Dependency Management

All new dependencies are optional and lazy-imported. Add to pyproject.toml:

[project.optional-dependencies]
rag = [
    # existing deps ...
    "beautifulsoup4>=4.12.0",
    "faiss-cpu>=1.7.0",
    "qdrant-client>=1.7.0",
    "psycopg2-binary>=2.9.0",
    "weaviate-client>=4.0.0",
]

Individual stores/loaders remain installable a la carte: pip install selectools faiss-cpu works without the full [rag] group.

Feature Status Impact Effort
CSV/JSON/JSONL Loaders 🟡 High High Small
HTML/URL Loaders 🟡 High High Small
FAISS Vector Store 🟡 High High Medium
Qdrant Vector Store 🟡 Medium Medium Medium
pgvector Store 🟡 Medium High Medium
Code Execution Tools 🟡 High High Medium
Search Tools 🟡 High High Small
SaaS Loaders 🟡 Medium Medium Medium
GitHub/DB Toolbox 🟡 Medium Medium Medium

v0.19.0: Ecosystem Parity

Focus: Observability, evaluation, REST API deployment, and templates — closing the gap with LangSmith, LangServe, and LangChain Hub.

Selectools Observe (Observability & Evaluation)

Existing head start: AgentObserver (15 events), AgentTrace (OTel export), AuditLogger (JSONL), AgentAnalytics.

New src/selectools/observe/ package:

src/selectools/observe/
    __init__.py          # Public exports
    trace_store.py       # TraceStore protocol + InMemory, SQLite, JSONL backends
    evaluators.py        # Evaluator protocol + built-in evaluators
    eval_runner.py       # EvalRunner for dataset evaluation
    export.py            # Export formatters (HTML, CSV, Datadog, Langfuse, OTel)
    datasets.py          # EvalCase, EvalDataset for test datasets

Trace Store

class TraceStore(Protocol):
    def save(self, trace: AgentTrace) -> str: ...
    def load(self, run_id: str) -> AgentTrace: ...
    def query(self, filters: TraceFilter) -> List[AgentTrace]: ...
    def list(self, limit: int, offset: int) -> List[AgentTraceSummary]: ...
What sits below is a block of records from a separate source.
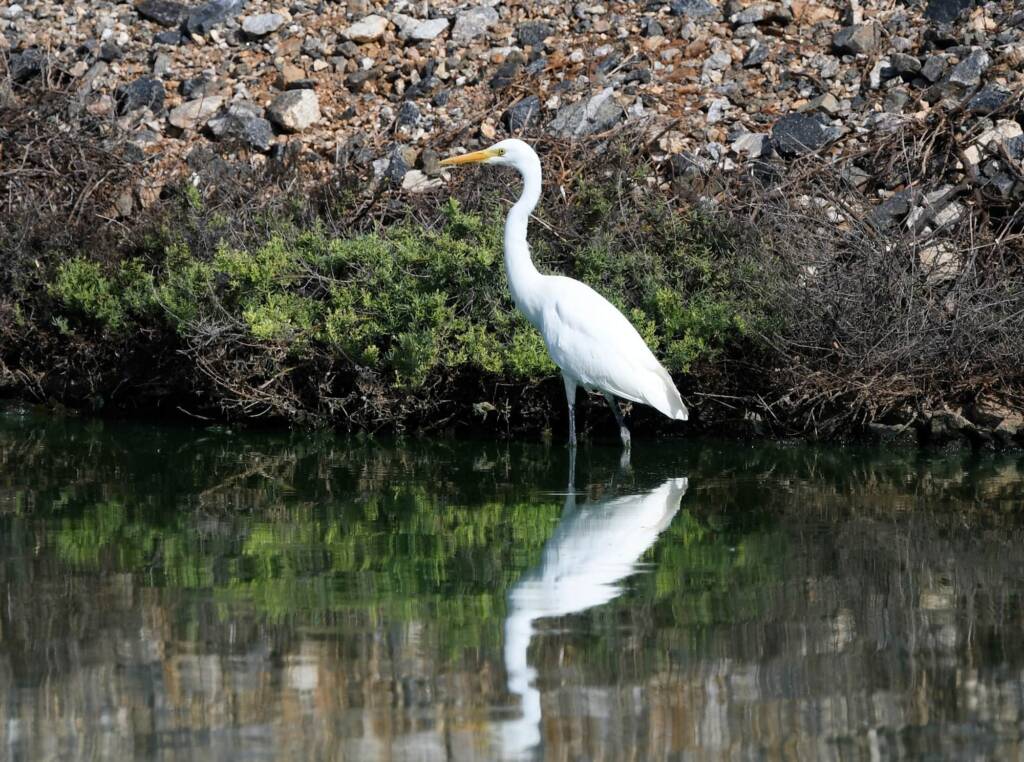 Intermediate Egret (Plumed) (Ardea intermedia plumifera)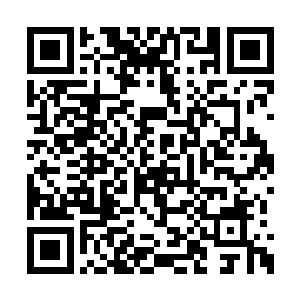 它们在陆地上或者是海洋里当霸王的时间太长了二维码生成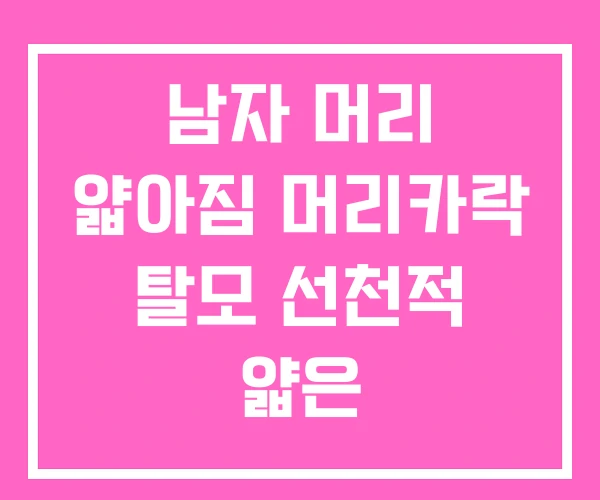 남자 머리 얇아짐 머리카락 탈모 선천적 얇은 남자 머리 얇아짐 머리카락 탈모 선천적 얇은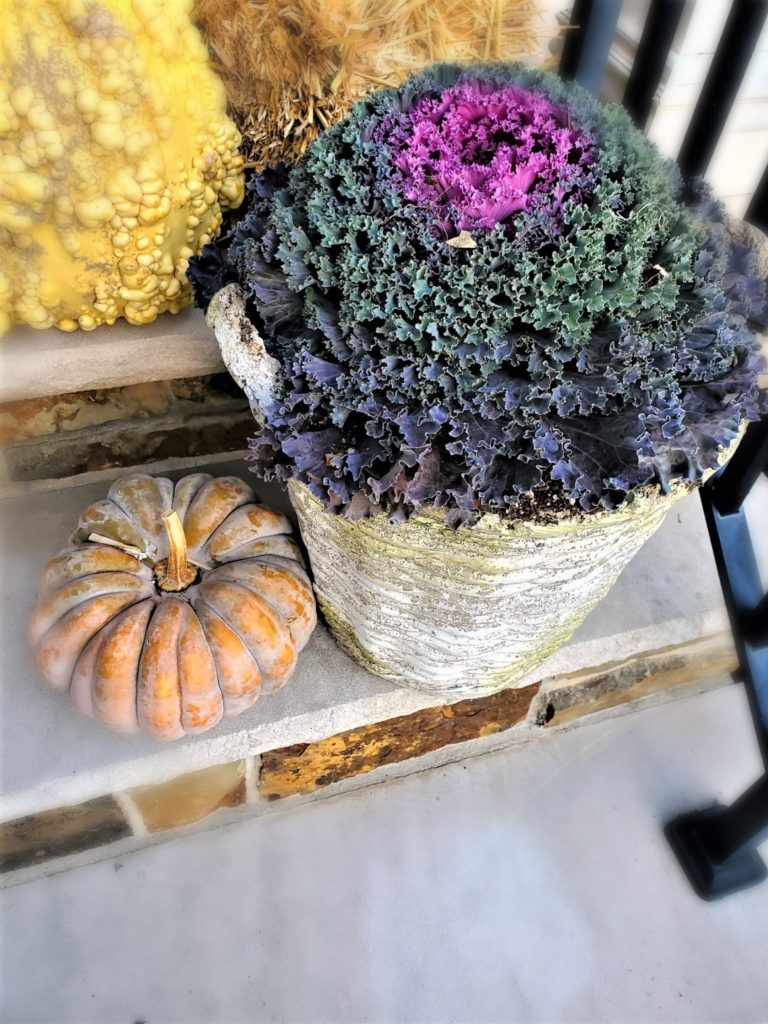 diy-fall-porch-sign-kale-small-orange-pumpkin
Built-in: InMemoryTraceStore, SQLiteTraceStore, JSONLTraceStore.

Auto-collection via TraceCollectorObserver (implements AgentObserver, auto-saves traces on on_run_end).

Evaluators

class Evaluator(Protocol):
    def evaluate(self, input: str, output: str, reference: Optional[str] = None) -> EvalResult: ...

@dataclass
class EvalResult:
    score: float         # 0.0 to 1.0
    passed: bool
    reasoning: str
    evaluator: str

Built-in evaluators:

  • CorrectnessEvaluator — LLM-as-judge: is the output correct?
  • RelevanceEvaluator — LLM-as-judge: is the output relevant to the input?
  • FaithfulnessEvaluator — RAG-specific: is the output grounded in retrieved documents?
  • ToolUseEvaluator — did the agent use the right tools?
  • LatencyEvaluator — did the agent respond within the time budget?
  • CostEvaluator — did the agent stay within the cost budget?

LLM-based evaluators use the existing Provider protocol — any configured provider works.

Evaluation Runner

class EvalRunner:
    def run(self, agent: Agent, dataset: List[EvalCase], evaluators: List[Evaluator]) -> EvalReport: ...

Builds on agent.batch() for parallel evaluation.

Export Formats

  • export_to_html(traces) — self-contained HTML report with trace timeline (zero deps, open in browser)
  • export_to_csv(traces) — spreadsheet analysis
  • export_to_datadog(traces) — Datadog APM format
  • export_to_langfuse(traces) — open-source LangSmith alternative
  • export_to_otel(traces) — already exists via AgentTrace.to_otel_spans()

Key differentiator vs LangSmith: Zero SaaS dependency. Self-contained HTML trace viewer. Full evaluation without leaving your codebase.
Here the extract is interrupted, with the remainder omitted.